_TASK TO COMPLETE:_
From the line that contains "Chaleco acolchado de" to the last line of the data below, transcribe every line exactly. Do not include the pictures.

_DATA EXTRACT:_

= Beginning of Section =

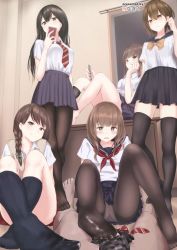 Rule 34 | 1boy, 5girls, absurdres, artist name, barefoot, black socks, blue legwear, blush, bow, bowtie, braid, brown eyes, brown hair, cellphone, clothed female nude male, covering own mouth, d:, desk, dress shirt, feet, femdom, foot focus, footjob, tucking hair, hand on own cheek, hand on own face, hetero, highres, kneehighs, light frown, light smile, long hair, minagiku, multiple girls, neckerchief, necktie, no shoes, nude, on desk, open mouth, original, panties, panties under pantyhose, pantyhose, penis, phone, pleated skirt, pov, school uniform, serafuku, shiny clothes, shirt, short hair, short sleeves, single braid, single kneehigh, single sock, sitting, on desk, skirt, smile, sock on penis, socks, standing, stepped on, sweater vest, thighband pantyhose, toes, underwear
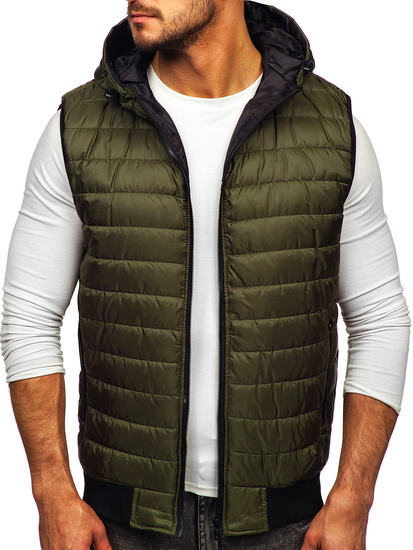 Chaleco acolchado de entretiempo para hombre con capucha color verde Denley MY88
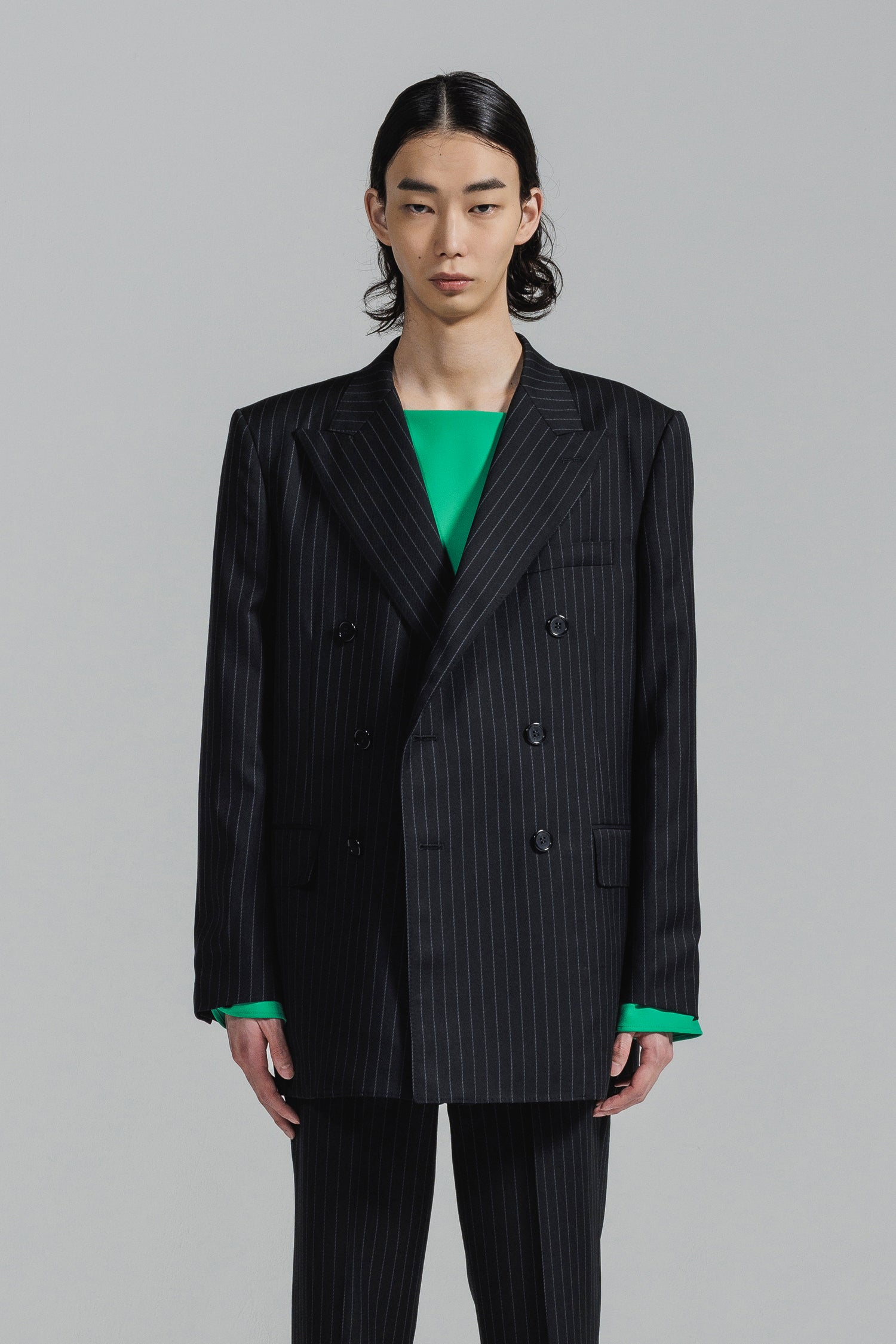 PINSTRIPE WOOL DOUBLE BREASTED 6B JACKET [2025A/W] – LITHIUM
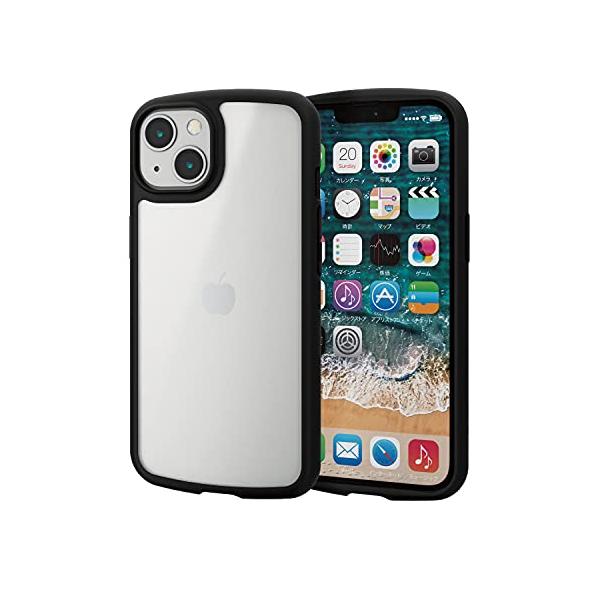 エレコム iPhone 13/ハイブリッドケース/シルキークリア/ブラック PM-A21BTSLFCSBK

= End of Section =

_TASK RESULT:_
 Chaleco acolchado de entretiempo para hombre con capucha color verde Denley MY88
 PINSTRIPE WOOL DOUBLE BREASTED 6B JACKET [2025A/W] – LITHIUM
 エレコム iPhone 13/ハイブリッドケース/シルキークリア/ブラック PM-A21BTSLFCSBK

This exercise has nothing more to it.